# RXTX und close



## boesi (7. Aug 2007)

Moin

Ich will auf die serielle Schnittstelle zugreifen und verwende dazu RXTX. Funktioniert soweit auch ganz gut, aber ...

... nur das Schliessen des Ports mit close() dauert mal locker 20s, wenn's überhaupt funktioniert. Einen EventListener hab ich schon an den Port gehängt, wie hier beschrieben. Das hat aber nichts gebracht.

Mit dem Debugger [ich verwende Eclipse] hab ich festgestellt, das es wohl an der Methode getPortIdentifier hängt, die von close aufgerufen wird. Wenn ich in der main-Methode CommPortIdentifier.getPortIdentifier("COM2") [am COM2 hängt das Gerät] aufrufe, braucht der Aufruf glatte 200s [ja zweihundert]. Dafür geht das folgende close dann in 0s. Wenn ich zuerst CommPortIdentifier.getPortIdentifiers() aufrufe, dauert das ebenfalls um die 200s, ein folgendes CommPortIdentifier.getPortIdentifier("COM2") geht dann wieder in 0s.

Mit dem Debugger  sehe ich, dass das Program eine halbe Ewigkeit braucht um nur in die Methode reinzugehen. In der Methode passiert dann zwar ne ganze Menge, scheinbar aber ohne weitere Verzögerung [soweit man da dem Debugger trauen kann]. Ganz so als wüsste Java nicht wo der Code liegt und erstmal suchen muss ... Ausserhalb der IDE dauert das ganze aber genauso lang. Ansonsten hab ich die Bibliothek ganz normal über Project->Properties->Java Build Path->Libraries eingebunden.

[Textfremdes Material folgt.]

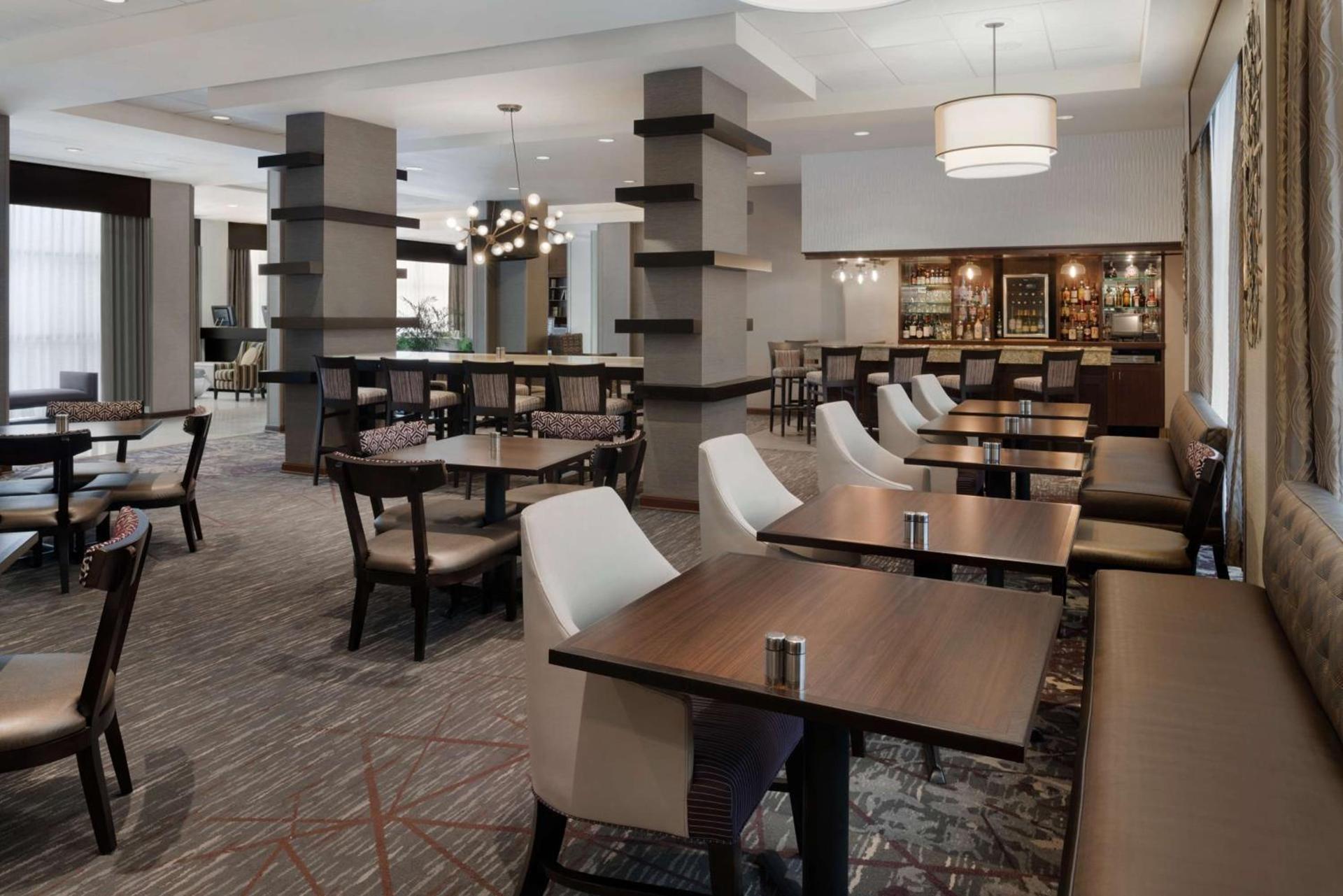 DoubleTree by Hilton Milwaukee/Brookfield photo 10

Nochmal meine eigentliche Frage: Wie kann ich CommPortIdentifier.getPortIdentifiers() dazu bewegen ohne Verzögerung zu starten?


cu boesi

PS: Eigentlich wollte ich die Frage ja auf der Mailingliste von RXTX stellen, aber die [oder den Server] scheint's nicht mehr zu geben. Weiss da jemand mehr?


----------



## boesi (7. Aug 2007)

Noch ein paar Infos über mein System die ich glatt vergessen hab:

OS: Windows XP SP2
IDE: Eclipse 3.3.0
Java 1.6.02 (JDK und JRE)
An COM-Ports gibt's [die von CommPort.getPortIdentifiers() auch alle erkannt werden]:

COM1 - da hängt ein altes Graphik-Tablett dran
COM2 - über USB-Adapter, da hängt das zu steuernde Gerät
mein Bluetooth-Adapter ist der Meinung 11 COM-Ports besetzen zu müssen: COM9-COM19
CommPort.getPortIdentifiers() liefert noch LPT1, da hängt ein Drucker dran

So ich hoffe damit kann irgendjemand was anfangen


cu boesi


----------



## boesi (10. Aug 2007)

hmm keiner hat ne Lösung oder wenigstens einen Kommentar? Schade ...

Ok frag ich mal anders rum: Nutzt jemand die serielle Schnittstelle mit Java unter Windows ohne das beschriebene Problem? 


Auf jeden Fall trotzdem mal Danke für eure Hilfe :roll:
cu boesi


----------



## HoaX (11. Aug 2007)

ja, geht einwandfrei, unter windows und linux


----------



## boesi (11. Aug 2007)

HoaX hat gesagt.:
			
		

> ja, geht einwandfrei, unter windows und linux


Hmm kannst du auch ein paar Infos geben? 
zB: 
welche Version von Java, RXTX oder javax.comm
USB-Adapter oder direkt angeschlossen?
Wie liest du die Daten aus? Über SerialPortEvent, in einem separatem Thread oder ganz anders?
Weil Google liefert auch nur die beiden Ergebnisse Geht/Geht nicht - ist nur bedingt hilfreich  :x


cu boesi


----------



## boesi (11. Aug 2007)

Wo ich grad so frustriert bin - wollte ich doch einfach mal javax.comm ausprobieren ...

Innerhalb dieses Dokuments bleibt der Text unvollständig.